### Task requirements
From the data below, return all lines holding the string "High".

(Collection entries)
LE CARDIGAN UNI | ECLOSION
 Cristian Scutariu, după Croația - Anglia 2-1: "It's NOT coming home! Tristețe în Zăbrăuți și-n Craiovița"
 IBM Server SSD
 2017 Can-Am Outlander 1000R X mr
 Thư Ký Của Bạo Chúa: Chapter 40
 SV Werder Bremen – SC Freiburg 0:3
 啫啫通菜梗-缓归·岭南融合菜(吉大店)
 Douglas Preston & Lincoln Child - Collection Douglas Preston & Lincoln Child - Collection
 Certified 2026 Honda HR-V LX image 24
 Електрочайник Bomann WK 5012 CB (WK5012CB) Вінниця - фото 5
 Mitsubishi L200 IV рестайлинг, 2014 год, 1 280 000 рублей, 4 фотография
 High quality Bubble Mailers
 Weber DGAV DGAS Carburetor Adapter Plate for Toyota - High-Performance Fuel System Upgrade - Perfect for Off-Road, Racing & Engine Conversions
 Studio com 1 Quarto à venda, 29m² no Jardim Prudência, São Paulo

### Solution to this exercise
 High quality Bubble Mailers
 Weber DGAV DGAS Carburetor Adapter Plate for Toyota - High-Performance Fuel System Upgrade - Perfect for Off-Road, Racing & Engine Conversions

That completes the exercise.